From mboxrd@z Thu Jan  1 00:00:00 1970
From: Juri Lelli <Juri.Lelli@arm.com>
Subject: Re: sched-freq locking
Date: Wed, 20 Jan 2016 15:58:29 +0000
Message-ID: <20160120155829.GV8573@e106622-lin>
References: <569D568D.5000500@linaro.org>
 <CAEG3pNDoDHpgO7WdC8n7C8Ri+KNKZqOi9rKHMkTV0c5dkyevOw@mail.gmail.com>
 <CAKfTPtCYUWBm_=GQ-NLLZ01xJqG+83vy4uapxRLjqMx_61HSew@mail.gmail.com>
 <569E90CF.9050503@linaro.org>
 <CAEG3pND5kHqJhrvwVjsnCnfT-nSrV8SrUaNk2p=ZfEx0MmmB=A@mail.gmail.com>
 <569EB225.4040707@linaro.org>
 <CAEG3pNBgpsdX8Lk7_3nHd31_bsq2sLB_f+=4_xiFFbiAWiKsxg@mail.gmail.com>
 <569EE1E1.3050407@linaro.org>
 <20160120121801.GR8573@e106622-lin>
 <569F9EB3.60600@linaro.org>
Mime-Version: 1.0
Content-Type: text/plain; charset=us-ascii
Return-path: <linux-pm-owner@vger.kernel.org>
Received: from foss.arm.com ([217.140.101.70]:46226 "EHLO foss.arm.com"
	rhost-flags-OK-OK-OK-OK) by vger.kernel.org with ESMTP
	id S933838AbcATP6C (ORCPT <rfc822;linux-pm@vger.kernel.org>);
	Wed, 20 Jan 2016 10:58:02 -0500
Content-Disposition: inline
In-Reply-To: <569F9EB3.60600@linaro.org>
Sender: linux-pm-owner@vger.kernel.org
List-Id: linux-pm@vger.kernel.org
To: Steve Muckle <steve.muckle@linaro.org>
Cc: Michael Turquette <mturquette@baylibre.com>, Vincent Guittot <vincent.guittot@linaro.org>, Patrick Bellasi <patrick.bellasi@arm.com>, Morten Rasmussen <morten.rasmussen@arm.com>, Dietmar Eggemann <dietmar.eggemann@arm.com>, Viresh Kumar <viresh.kumar@linaro.org>, "linux-kernel@vger.kernel.org" <linux-kernel@vger.kernel.org>, "linux-pm@vger.kernel.org" <linux-pm@vger.kernel.org>, Peter Zijlstra <peterz@infradead.org>, "Rafael J. Wysocki" <rjw@rjwysocki.net>, Javi Merino <Javi.Merino@arm.com>, Punit Agrawal <punit.agrawal@arm.com>

On 20/01/16 06:50, Steve Muckle wrote:
> On 01/20/2016 04:18 AM, Juri Lelli wrote:
> > I fear that caching could break thermal.
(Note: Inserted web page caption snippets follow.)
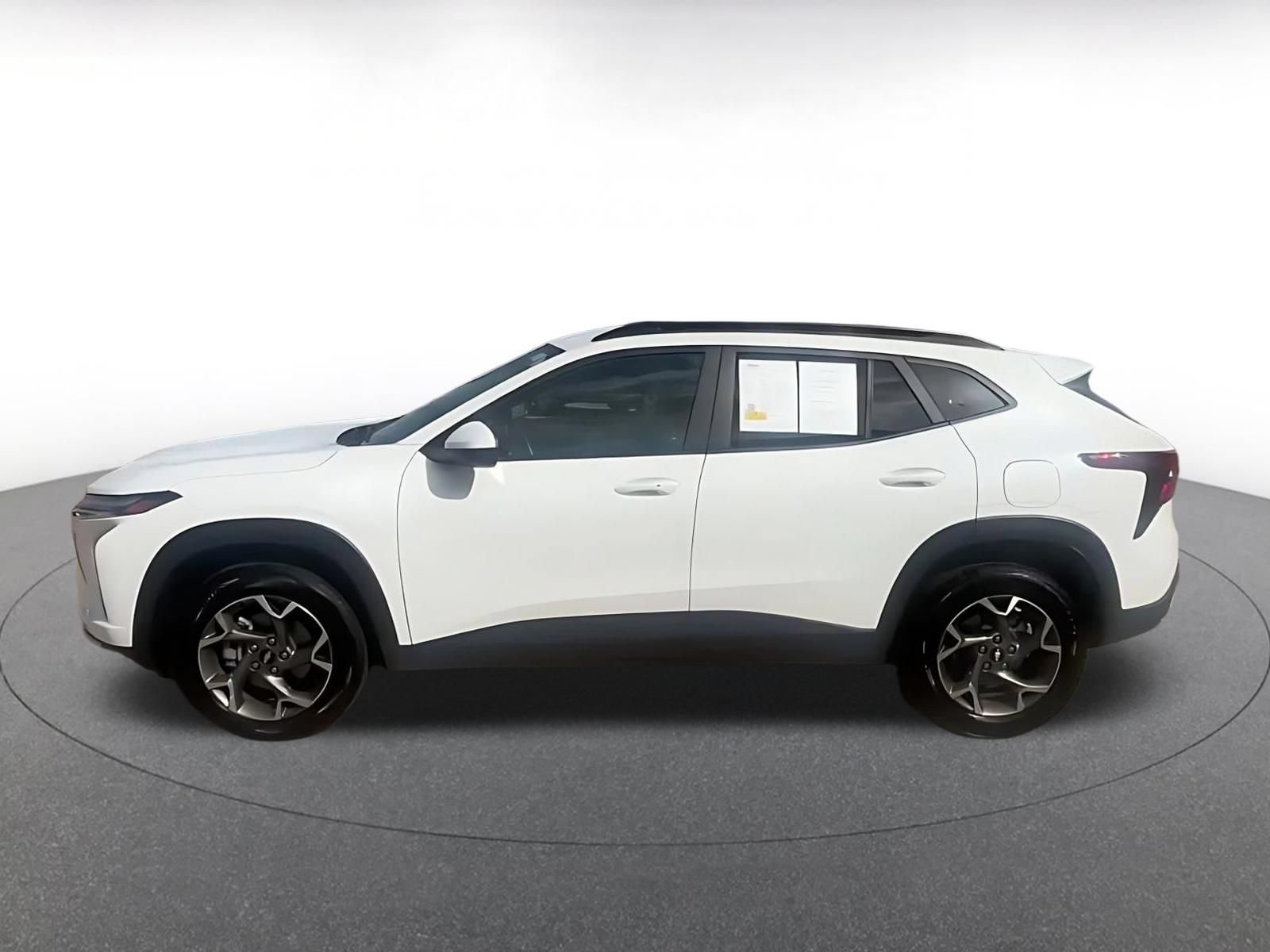 Used 2025 Chevrolet Trax LT w/ LT Convenience Package FWD image 7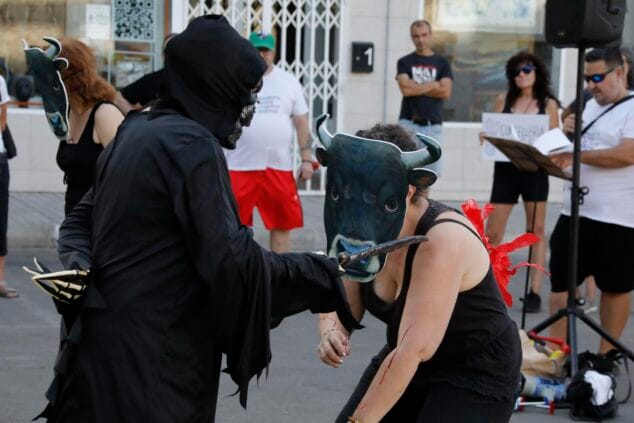 Performance durante la concentración contra la corrida de toros en Ondara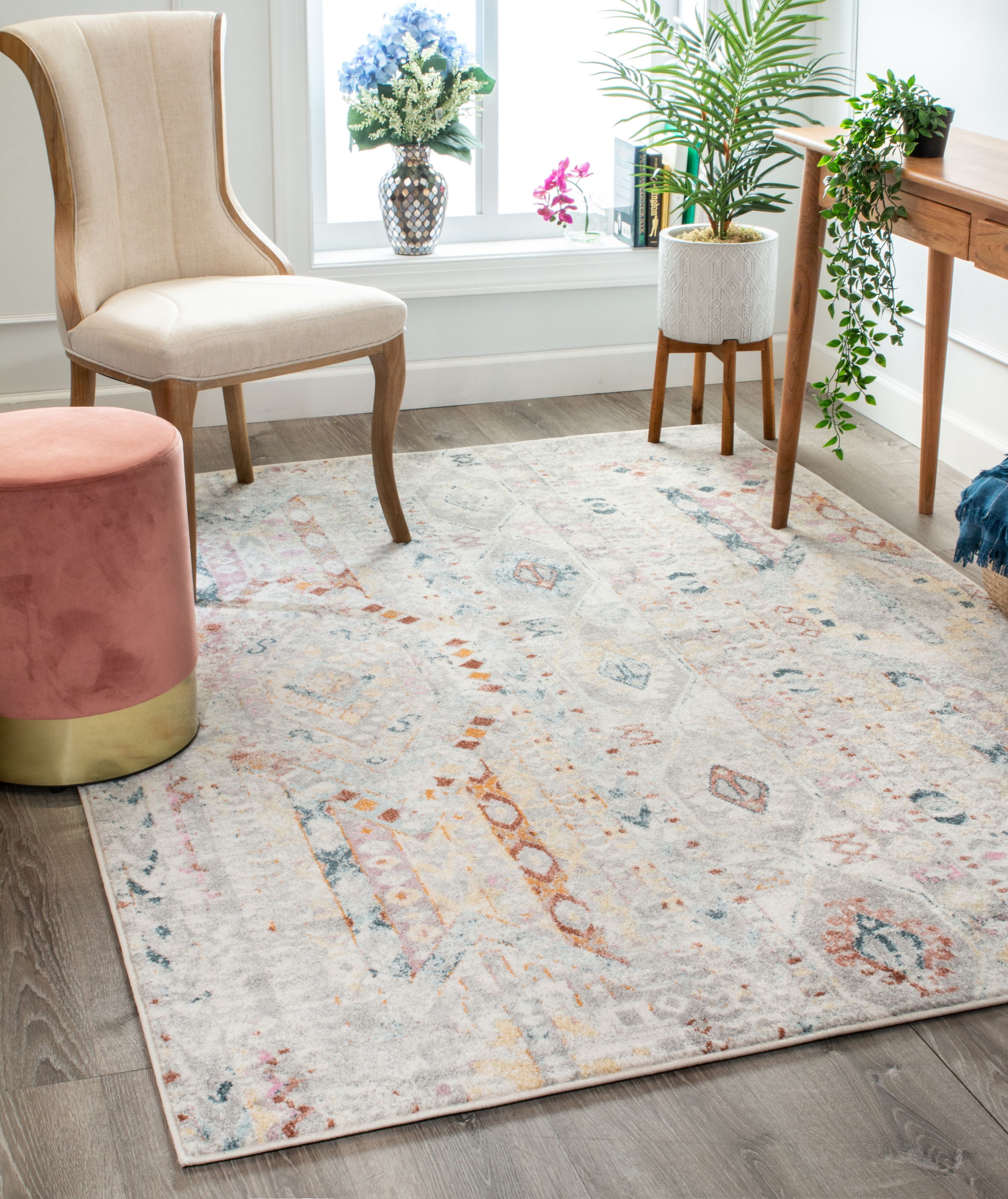  Diamond Pattern Rug for Large Space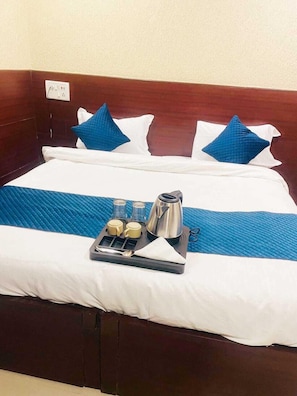 Deluxe Room - Hotel Glory By Seasons (Indore)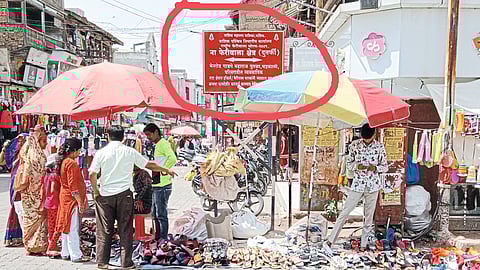 नो हॉकर्स झोन फलकाखाली व्यवसाय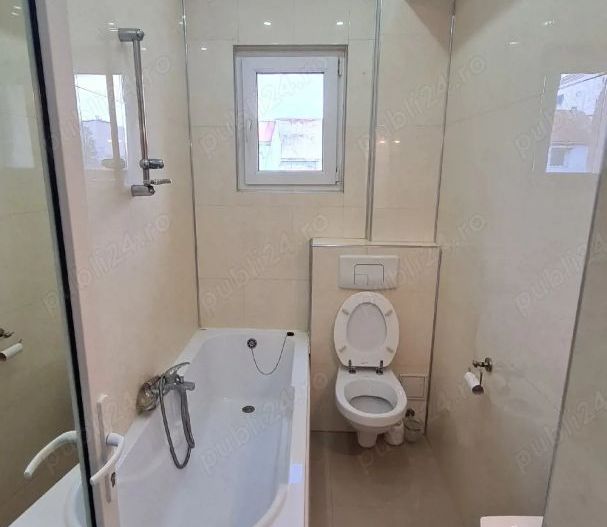 Garsonieră spațioasă de închiriat, Universitate, mobilat lux, centrală proprie - Poză 6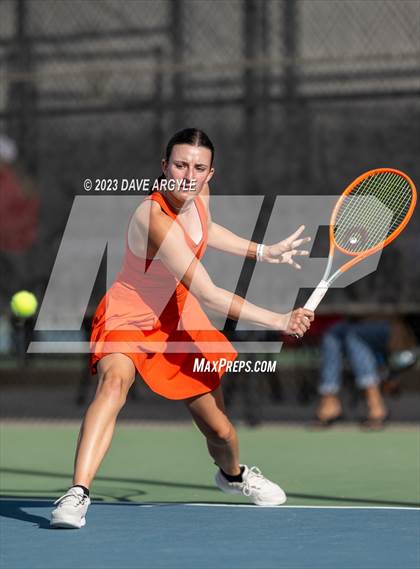 Thumbnail 3 in UHSAA 6A Semifinals photogallery.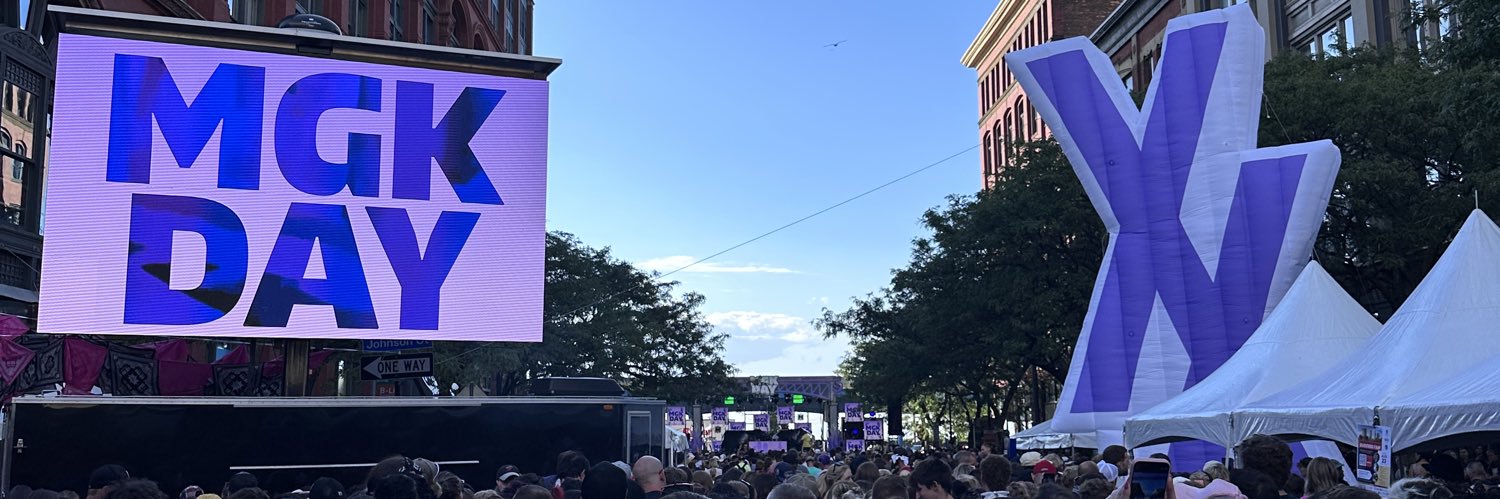 lxxtown's profile banner image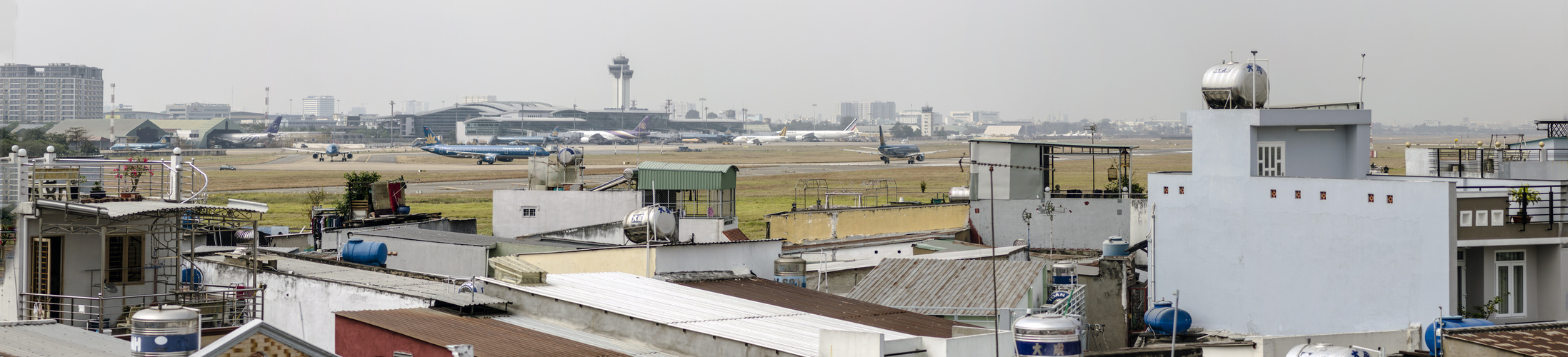 Flughafen Tan Son Nhat Saigon von der Rollfeldseite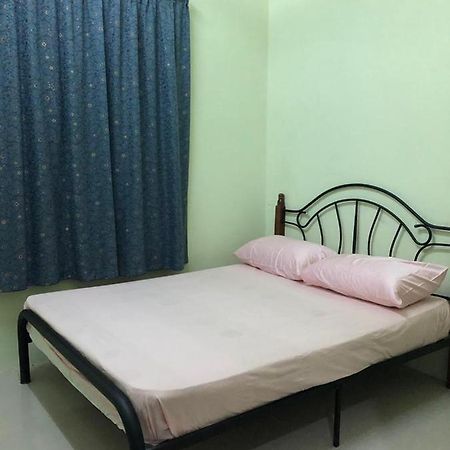 Afza Homestay Sura Free Unifi Kampong Sura Masjid Екстер'єр фото
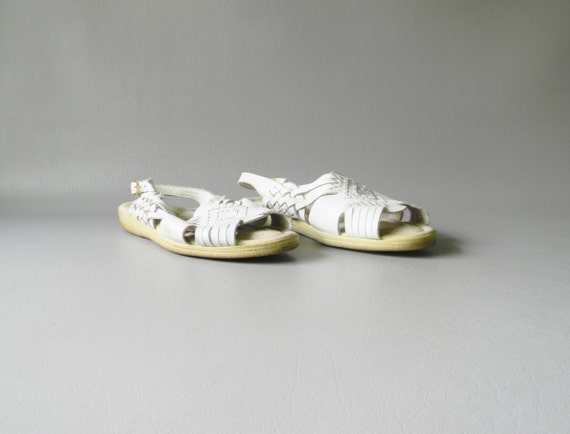 Vintage Women's White Leather Sandal Size 9-1/2 - image 3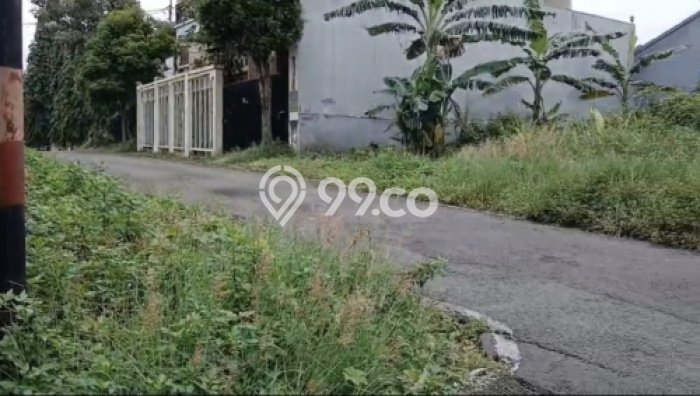 Tanah Kosong Dijual di Semarang dengan Area 221m2 Tanah Kosong Dijual di Semarang dengan Area 221m2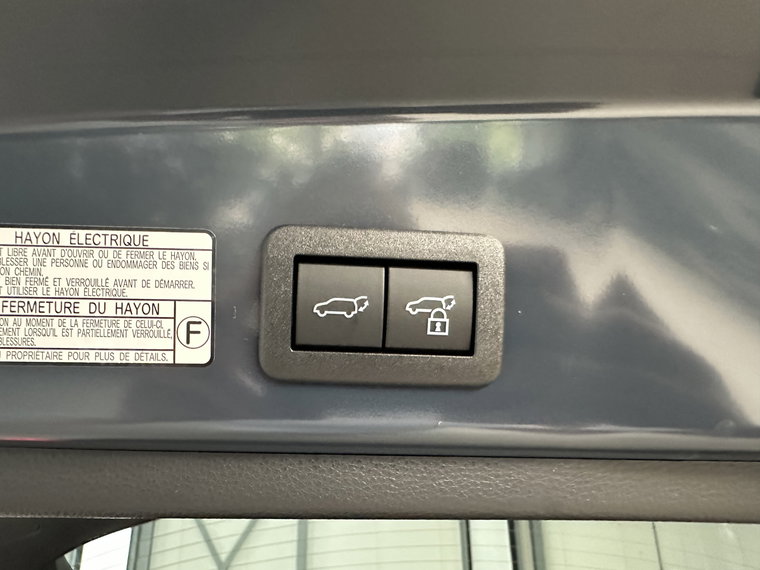 Vehicle Image 32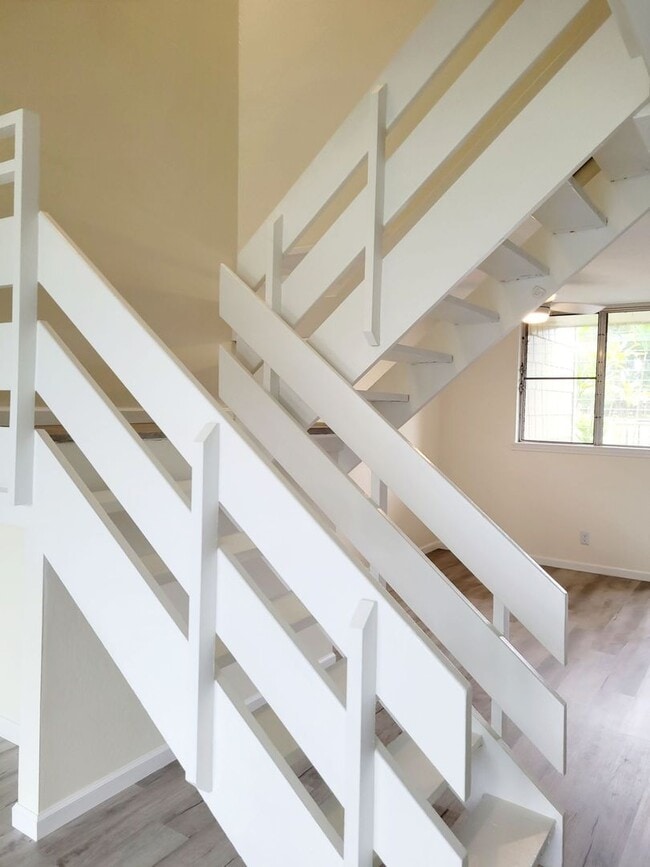 Photo - Available July 1, 2026 | A 3 Bedroom, 2.5 bath Townhouse with 2 parking stalls in Hokuala Hale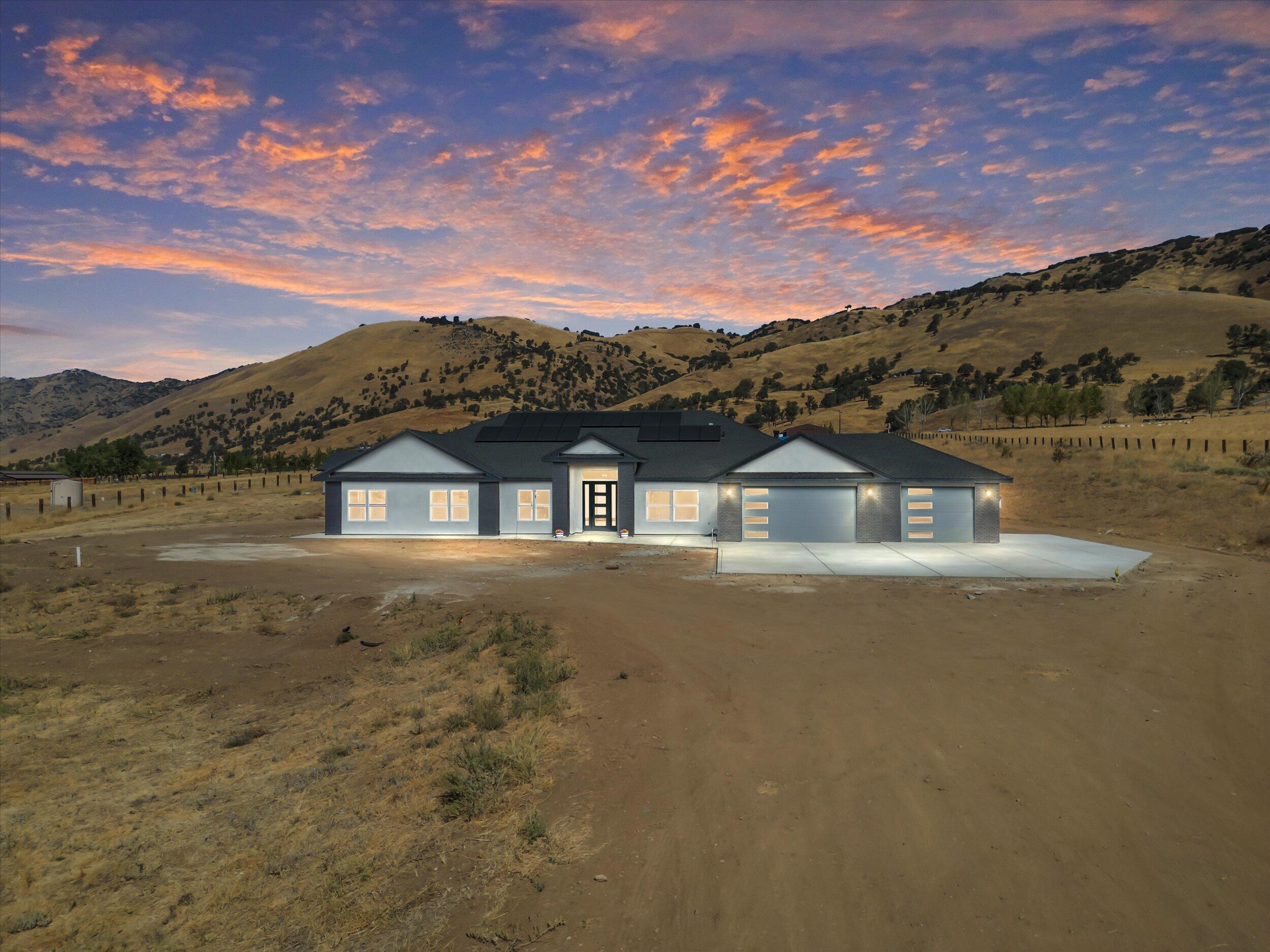 23400 Johnson Court, Tehachapi, CA 93561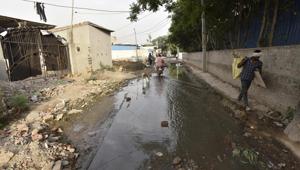 An overflowing drain at Asola Village in South Delhi constituency.(Sanjeev Verma/HT PHOTO)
If everybody was already using
> > sched-freq interface to control frequency this won't probably be a
> > problem, but we are not yet there :(. So, IIUC by caching policy->max,
> > for example, we might affect what thermal expects from cpufreq.
> 
> I think we could probably just access policy->max without rwsem, as long
> as we ensure policy is valid. Cpufreq will take care to cap a frequency
> request to an upper limit put in by thermal anyway so I don't think it's
> a problematic race. But I haven't spent much time thinking about it.
> 

Mmm, can't the fact that the scheduler might think it can still request
a frequency above max be problematic?

Anyway, thermal seems to use cpufreq_set_policy() for changing max (if I
got it right Punit :)), so we might be able to intercept such sites and
do proper update of cached values.

> >
> ...
> >> Done (added linux-pm, PeterZ and Rafael as well).
> >>
> > 
> > This discussion is pretty interesting, yes. I'm a bit afraid people
> > bumped into this might have troubles understanding context, though.
> > And I'm not sure how to give them that context; maybe start a new thread
> > summarizing what has been discussed so far?
> 
> Yeah, that occurred to me as well. I wasn't sure whether to restart the
> thread or put in the locking I had in mind and just send it with the
> next schedfreq RFC series, which should be in the next few weeks. I was
> going to do the latter but here is a recap of the topic from my side:
> 

Thanks a lot for writing this down!

> Currently schedfreq has to go through two stages of aggregation. The
> first is aggregating the capacity request votes from the different sched
> classes within a CPU. The second is aggregating the capacity request
> votes from the CPUs within a frequency domain. I'm looking to solve the
> locking issues with both of these stages as well as those with calling
> into cpufreq in the fast path.
> 
> For the first stage, currently we assume that the rq lock is held. This
> is the case for the existing calls into schedfreq (the load balancer
> required a minor change). There are a few more hooks that need to go
> into migration paths in core.c which will be slightly more painful, but
> they are IMO doable.
> 
> For the second stage I believe an internal schedfreq spinlock is
> required, for one thing to protect against competing updates within the
> same frequency domain from different CPUs, but also so that we can
> guarantee the cpufreq policy is valid, which can be done if the
> governor_start/stop callbacks take the spinlock as well.
> 

Does this need to nest within the rq lock?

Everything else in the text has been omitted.